PROBLEM TO WORK ON. Without any images, write the listing below out word for word.
DATA TO EXAMINE section start
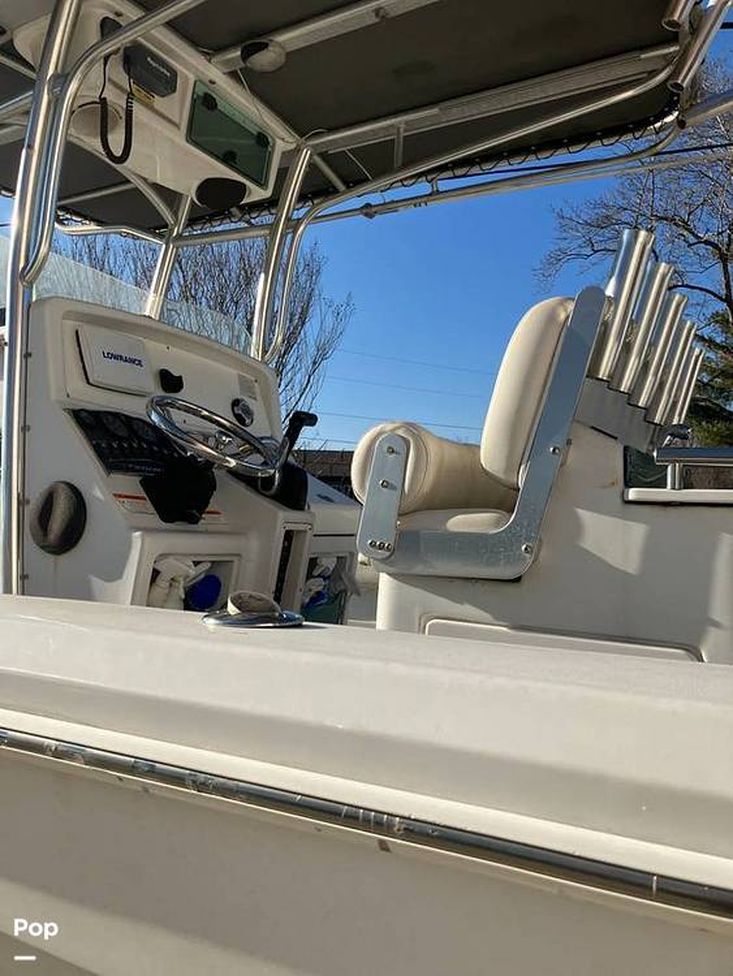 2008 Triumph 235 center console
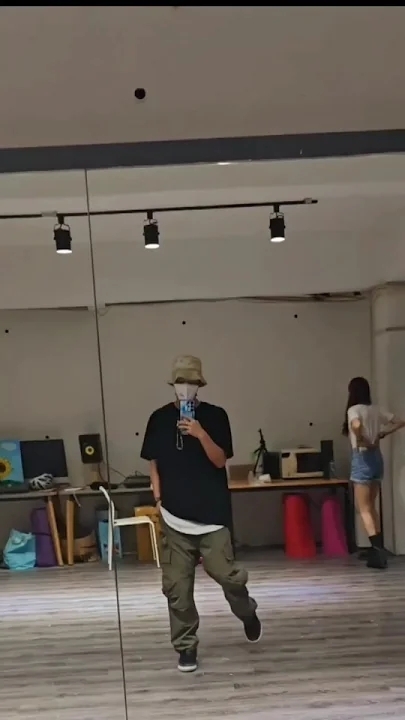 Behind-the-scenes cut of Lee Joongi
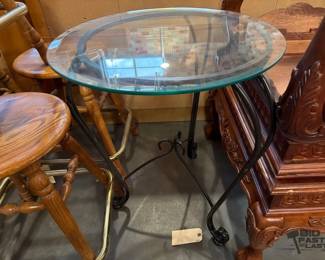 6058  Glass Table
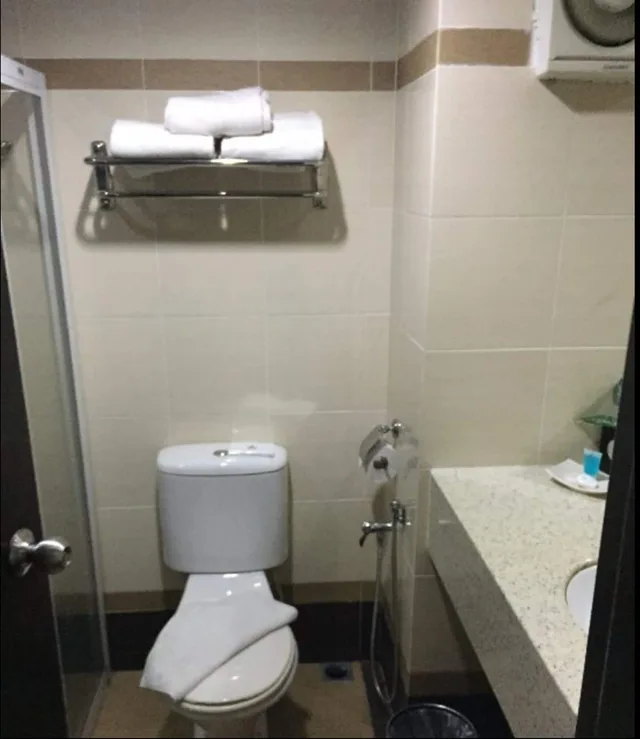 غرفة عائلية بسرير كوين وسرير فردي، Hotel Seri Malaysia Kangar 4/4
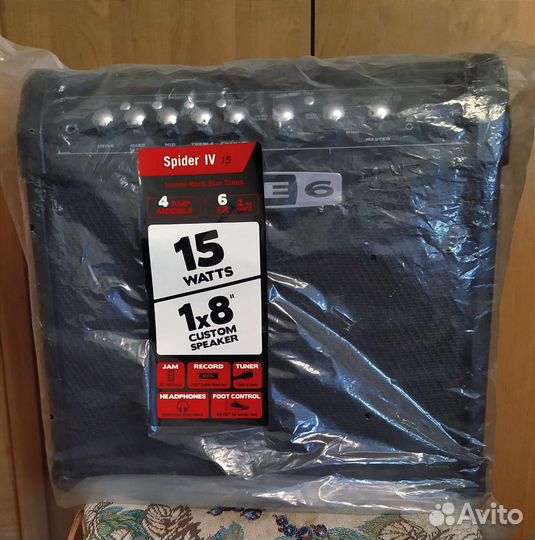 Гитарный комбоусилитель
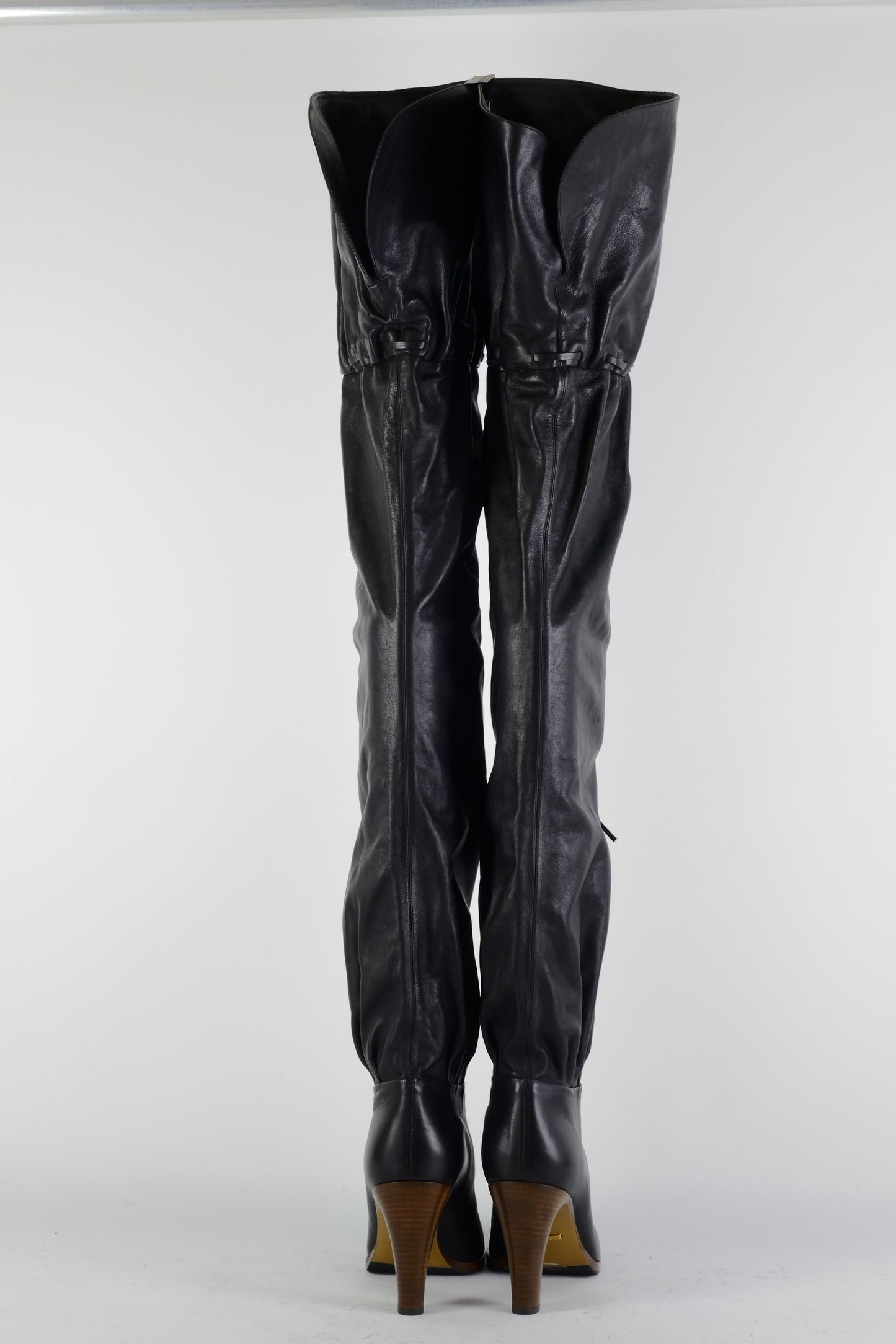 BUUTS Gucci Overknees Leder schwarz 225039-5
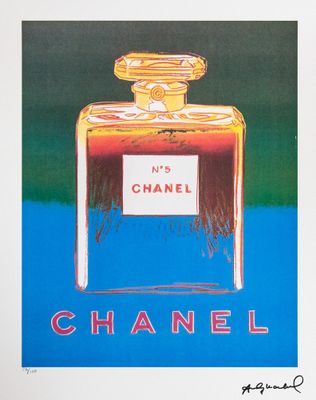 une image représentant une peinture d'un flacon de parfum sur fond bleu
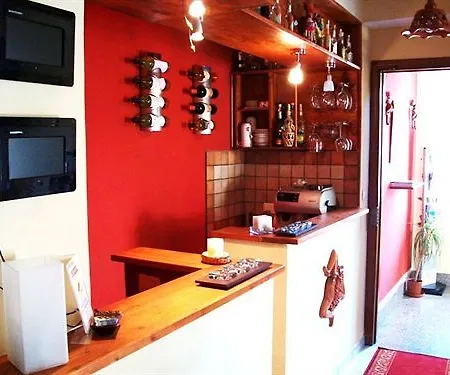 לינה וארוחת בוקר Triskeles גיארדיני נאקסוס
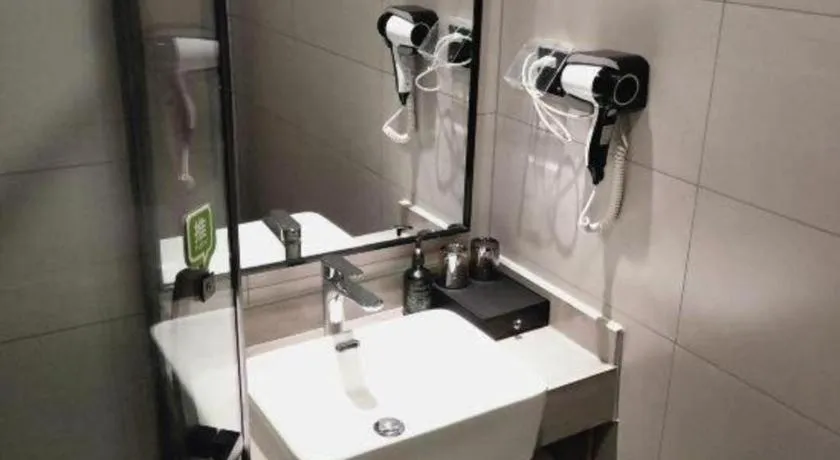 Shell Hotel Shandong Jinan Daming Lake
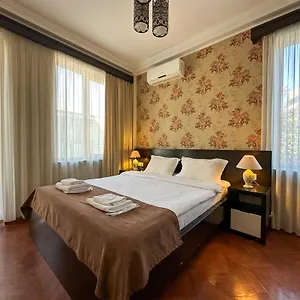 3* Hotel Four Brothers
DATA TO EXAMINE section end
OUTPUT OF THE EXERCISE.
 2008 Triumph 235 center console
 Behind-the-scenes cut of Lee Joongi
 6058  Glass Table
 غرفة عائلية بسرير كوين وسرير فردي، Hotel Seri Malaysia Kangar 4/4
 Гитарный комбоусилитель
 BUUTS Gucci Overknees Leder schwarz 225039-5
 une image représentant une peinture d'un flacon de parfum sur fond bleu
 לינה וארוחת בוקר Triskeles גיארדיני נאקסוס
 Shell Hotel Shandong Jinan Daming Lake
 3* Hotel Four Brothers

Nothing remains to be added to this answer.